Padraic George is convinced he has a solution for farmers to protect their largest machinery investment — an electric fence for combine storage.

He was walking around at Agritechnica 2025 in Germany, engaging with farmers and combine-connected people about his idea.

George, from Ireland, has created a board, about a foot high, that is electrified in several strands. The board comes in metre-long sections and is connected by wingnuts. It has feet that slide onto each section to keep it off the ground. Another board, which isn’t electrified, can be put on top of the electrified board to provide more deterrence for larger rodents.

The boards run along the floor to encircle the combine. It’s connected to an energizer, large enough to cover 100 acres, so the smallest rodents will die and larger ones will deterred from coming around.

“Right on the snout, it kills them, it kills the mice,” he says. They won’t die instantly, but his tests show that they will go away and die.
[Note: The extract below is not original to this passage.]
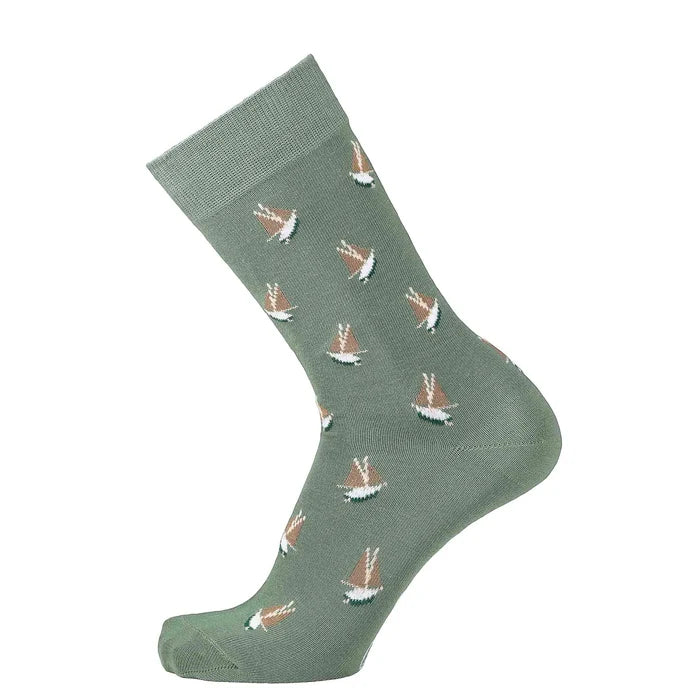 Sailboat Socks by Maison Broussaud x Armor-Lux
George knows his electric fences, as his family’s business is Cheetah Electric Fencing — an electric fencing company that serves Ireland.
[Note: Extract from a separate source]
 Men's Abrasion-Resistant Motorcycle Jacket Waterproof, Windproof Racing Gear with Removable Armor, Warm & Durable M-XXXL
He says he had a farmer ask him if he could fence out rats and mice and he thought that request a little strange.

A second farmer asked him the same thing, but included that he wanted to keep them out of his combine.
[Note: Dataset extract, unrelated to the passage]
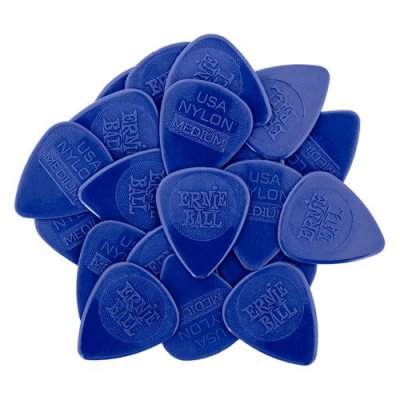 ERNIE BALL  9131 - Mediators Nylon Sachet De 50 Bleu Marine 0,72mm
“That was a very different conversation, because it was the value” of the combine that made the system make sense.

After a few years of work, he had a product he started to sell this past summer, the Rodent Shield System.

He’s interested in Canada, as he says he’s heard there are lots of combines across the country — and there are rodents.

The system works well for concrete floors, where the rodents can’t bury under the fence, but George says he’s heard from farmers who plan to put down timbers, or tile, or in the case of a farmer from Ontario, plywood sheets.

The Rodent Shield is sold online for now, but George is interested in partnerships in Canada. He says there’s also interest in the United States, but with a 15 per cent tariff, he’s looking to Canada first.